- Opening Delimiter -

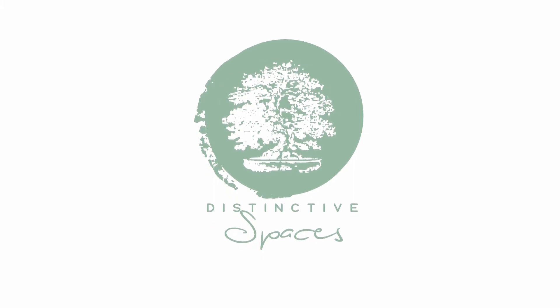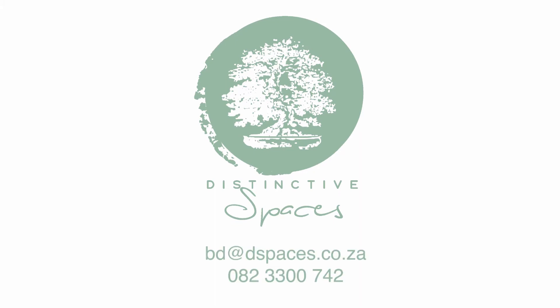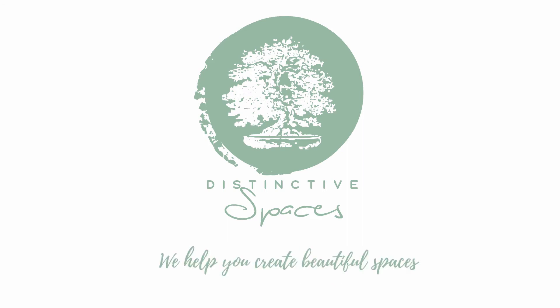Need more help or want to book a cleaning and maintenance service? Contact us at bd.dspaces.co.za — we help you create beautiful spaces.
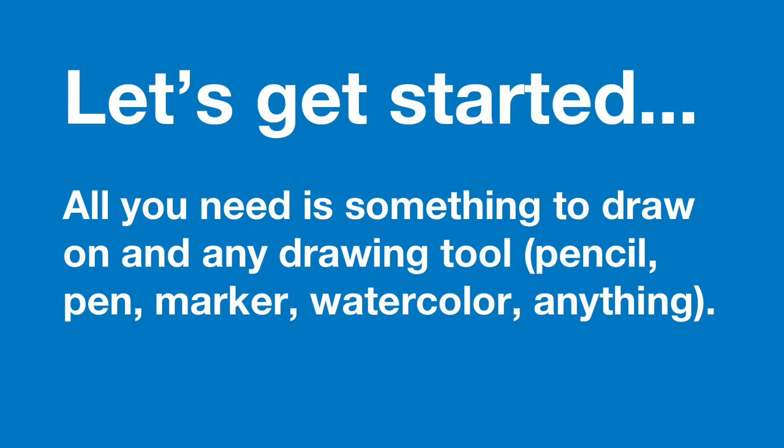In this activity, we will turn a scribble into a beautiful piece of art. Any drawing or painting materials that you have handy will do, so grab yourself some paper, pencil, some colored pencils if you got them, markers, pens, crayons — whatever you have laying around and bring it to the table.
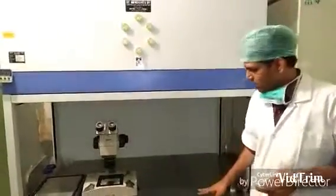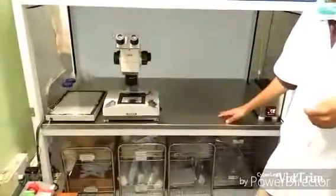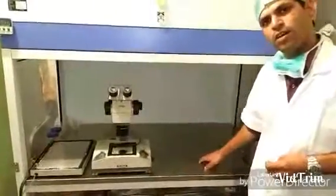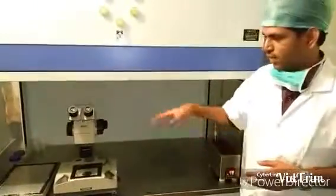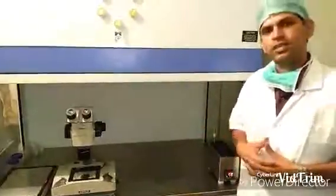The Laminar Flow cabinet is made of metal, and the surface, as you can see, is made of stainless steel, so we can easily clean it with a disinfectant. The cabinet also has an ultraviolet light to sterilize the surface and any objects kept inside.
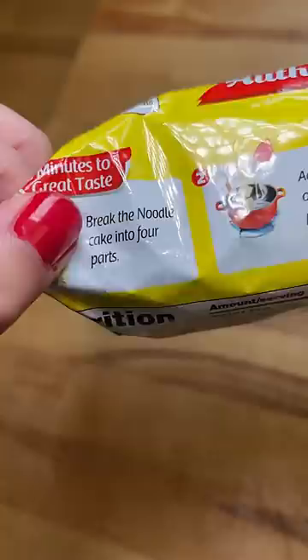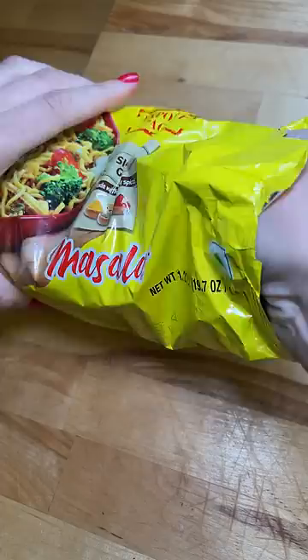Today I'm making Maggi noodles for the first time. This is highly requested and I was very curious to see how they would taste. I'm going to cook the noodles exactly per the instructions on the packaging so I can see how they taste and figure out what I should try adding in the future.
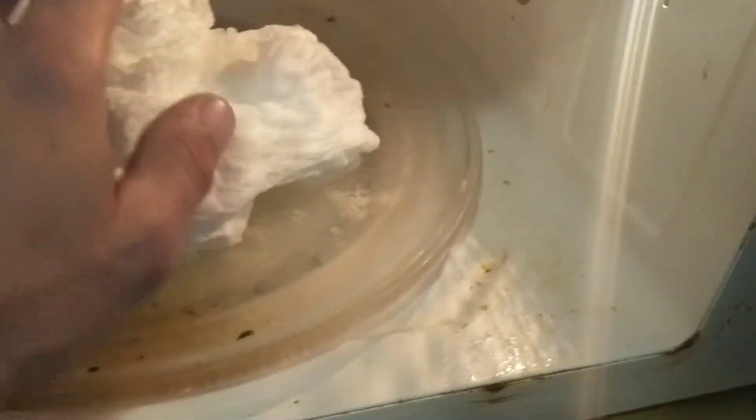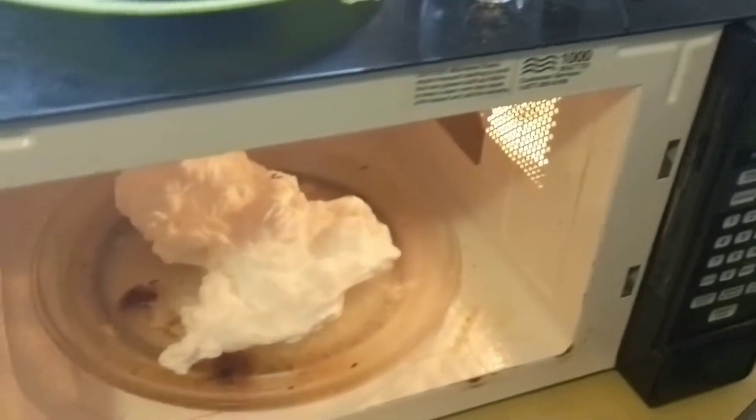Is it hot? It's a little warm. Like, just let it cool down. Yeah, look, it's like fluffy, squishy. It's hot though. How did it do that? It's a little hot. It cools down really quick. Ain't that cool?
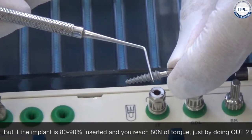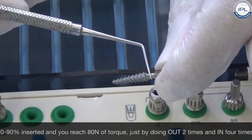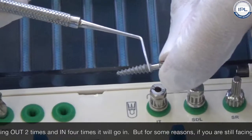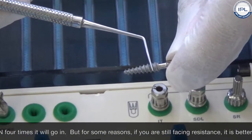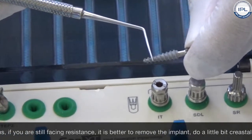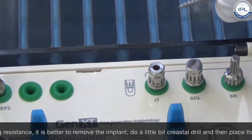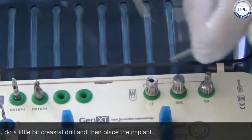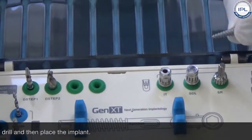By doing out two turns and in four times, it will go in. But if you are still facing resistance — meaning it is going out two and in only two times — it is better to remove the implant, do a little crestal drilling, and then place the implant in. We don't want to fight with the implant and we don't want to fight with the bone.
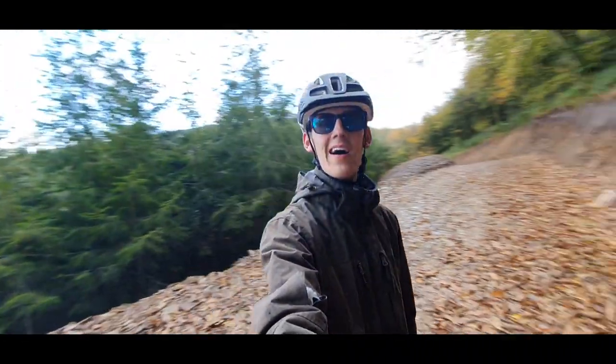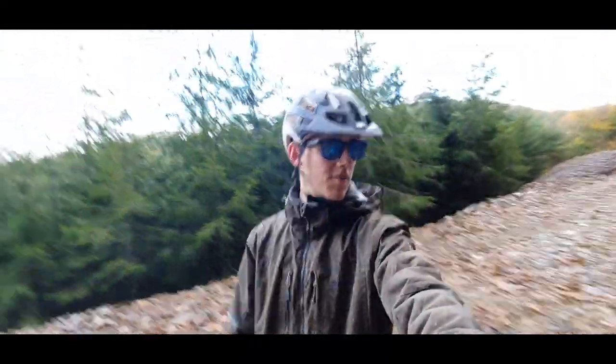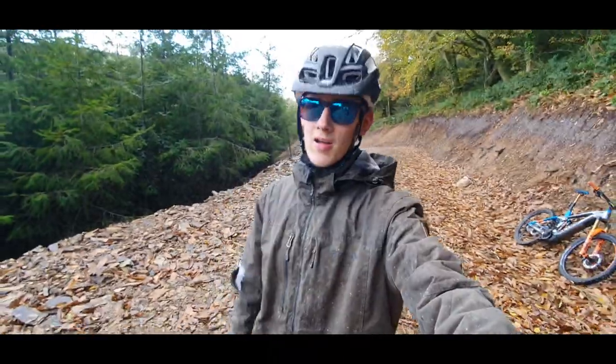In the middle of absolutely nowhere — look at this place, all the wet leaves on the floor. Pretty damn slippery, but no problem for this beast. If any of you guys live in North Devon, I would love to go out for a ride with you. I'm just here on my own and it'd be really nice to go out with people, so if you're up for it, hit me up on Instagram or in the comments.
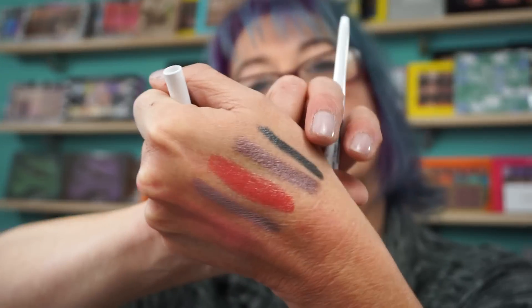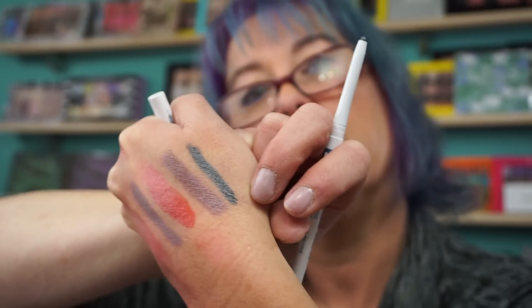I'll link everything down below. You get an Evercolor gel waterproof liner — or shadow. Let's see what color we get here. It's like a blue-gray, like a blue steel shade. That's pretty. It doesn't look like there's shimmer in it, so you might be able to use this on the waterline. But putting my light on it, it does have micro shimmer. I personally don't put shimmer eyeliners on my waterline ever — don't need any of that going on.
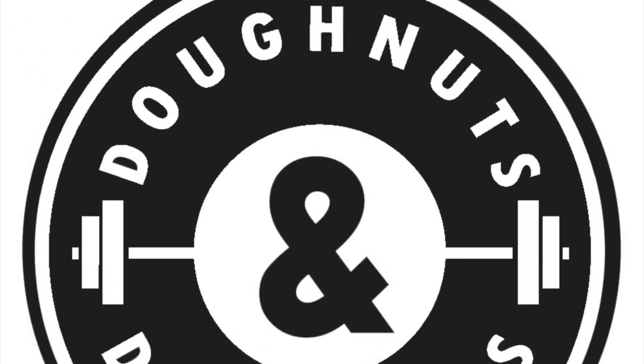Here we are doing some deep dumbbell incline single-arm presses — another good variation to build unilateral strength. I appreciate you guys for watching. As always, make sure you like, subscribe, and share, and I'll catch you guys next time.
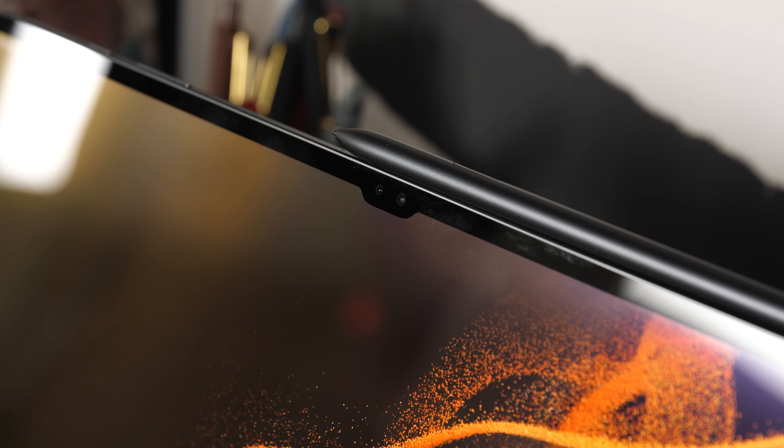And of course, let's talk about the notch. Samsung put one on their S8 Ultra tablet. Apple, what are you waiting for? No — just kidding, just kidding. That's like putting a notch on a laptop display.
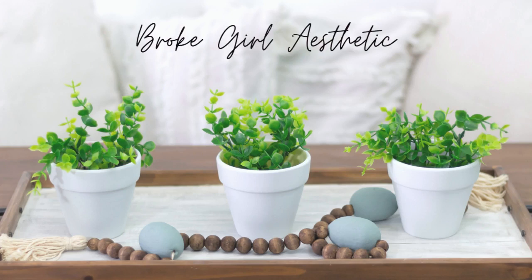Hi, I'm Tiffany and this is Broker Aesthetic. On this channel I do budget-friendly DIYs, thrift flips and hauls, trash to treasures and more.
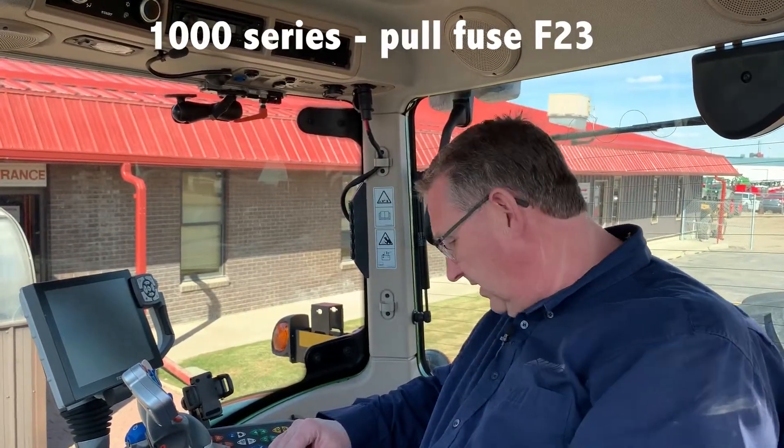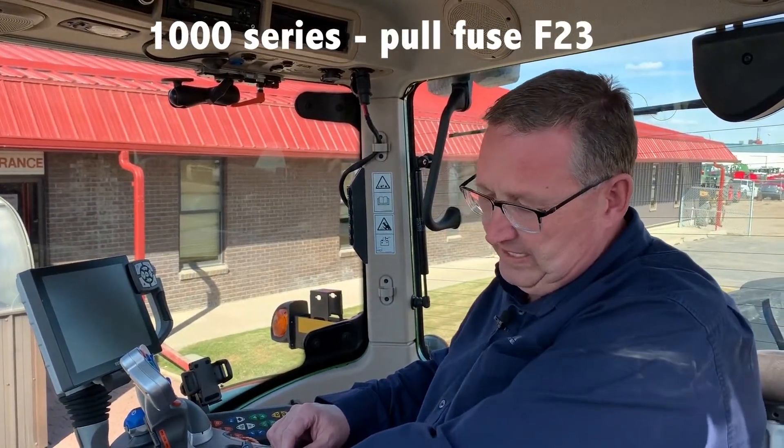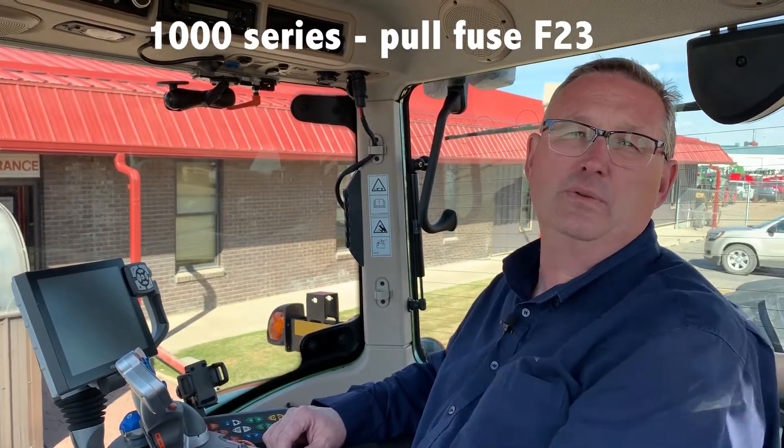On a 1000 series tractor, you're going to run on F23 — pull F23 out. Normally that's not something you do just on a whim.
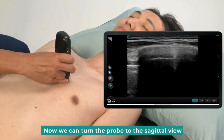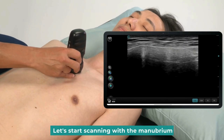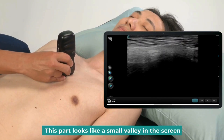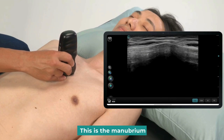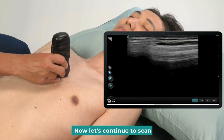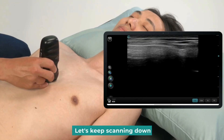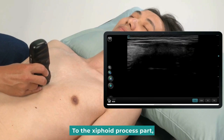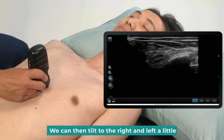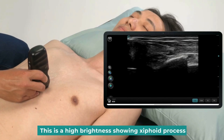Now we can turn the probe to the sagittal view to start scanning from top to bottom. Let's start scanning with the manubrium and slowly slide down. This part looks like a small valley on the screen — this is the manubrium, the junction of the sternum. The sternum surface is a very flat cortical line. Let's keep scanning down to the xiphoid process part. We can then tilt to the right and left a little. We can see a curve at the bottom — this high brightness is showing the xiphoid process.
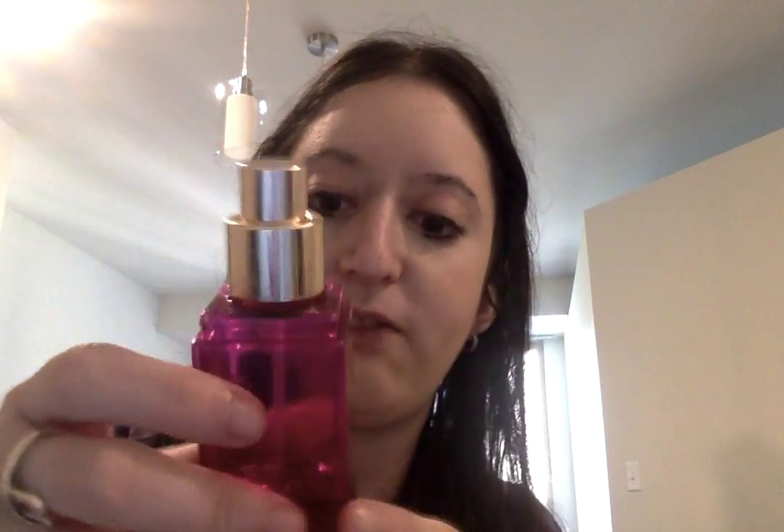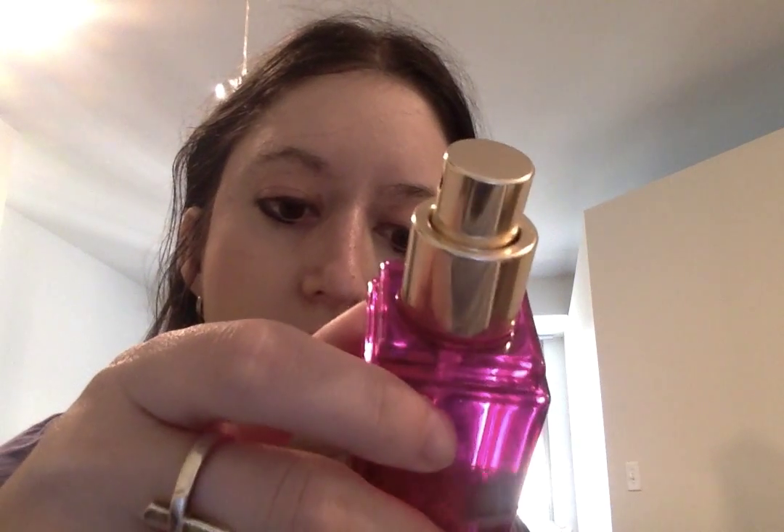I've also been using this Victoria's Secret Very Sexy Touch Fragrance Mist. It's my favorite perfume, hands down — I've been using it every single day. I even use it as a fragrance for my whole apartment to smell really good. It's not strong on me, and I've had it for years with quite a bit left. It lasts a really long time in the bottle — and it's a really cute pink bottle.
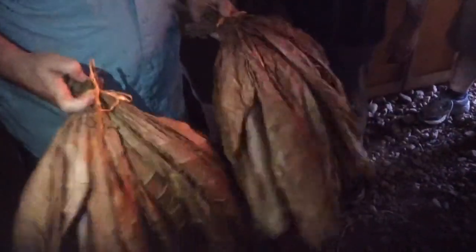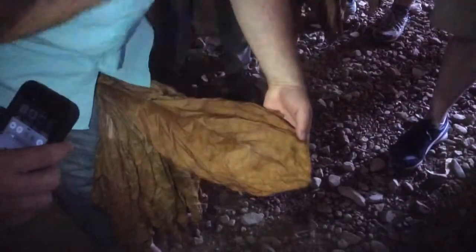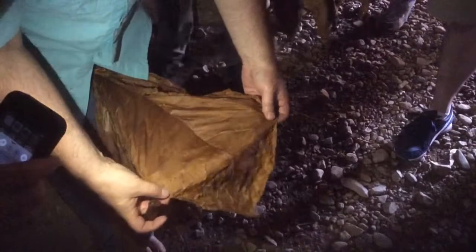Cured tobacco going on to fermentation. It looks like it's gonna be a wrapper, so it's pretty thick. This is medium.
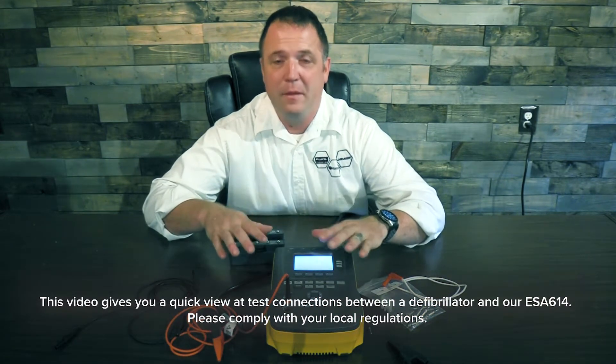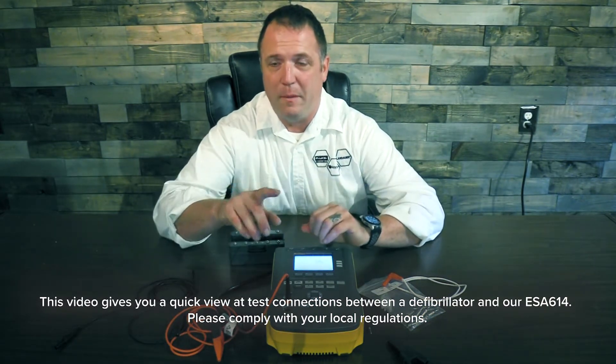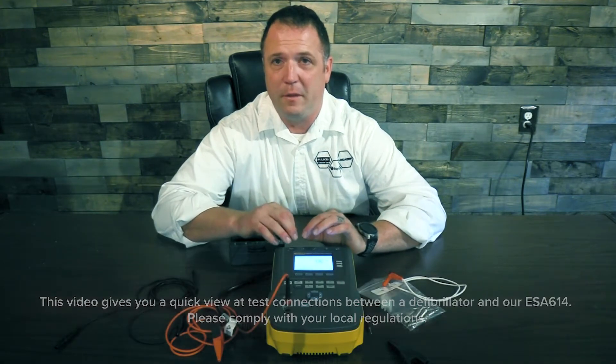Hello, I'm Justin Ross and I'm back. We're going to show you how to connect the ESA 612 1415 to a defibrillator one time.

- Closing Delimiter -

• _WHAT IS REQUIRED_: Restate only the lines running from the start of the material above through the line containing "In the middle", ends included. No pictures.

• _THE ANSWER_:
Need more help or want to book a cleaning and maintenance service? Contact us at bd.dspaces.co.za — we help you create beautiful spaces.
In this activity, we will turn a scribble into a beautiful piece of art. Any drawing or painting materials that you have handy will do, so grab yourself some paper, pencil, some colored pencils if you got them, markers, pens, crayons — whatever you have laying around and bring it to the table.
The Laminar Flow cabinet is made of metal, and the surface, as you can see, is made of stainless steel, so we can easily clean it with a disinfectant. The cabinet also has an ultraviolet light to sterilize the surface and any objects kept inside.
Today I'm making Maggi noodles for the first time. This is highly requested and I was very curious to see how they would taste. I'm going to cook the noodles exactly per the instructions on the packaging so I can see how they taste and figure out what I should try adding in the future.
Is it hot? It's a little warm. Like, just let it cool down. Yeah, look, it's like fluffy, squishy. It's hot though. How did it do that? It's a little hot. It cools down really quick. Ain't that cool?
By doing out two turns and in four times, it will go in. But if you are still facing resistance — meaning it is going out two and in only two times — it is better to remove the implant, do a little crestal drilling, and then place the implant in. We don't want to fight with the implant and we don't want to fight with the bone.
In the middle of absolutely nowhere — look at this place, all the wet leaves on the floor. Pretty damn slippery, but no problem for this beast. If any of you guys live in North Devon, I would love to go out for a ride with you. I'm just here on my own and it'd be really nice to go out with people, so if you're up for it, hit me up on Instagram or in the comments.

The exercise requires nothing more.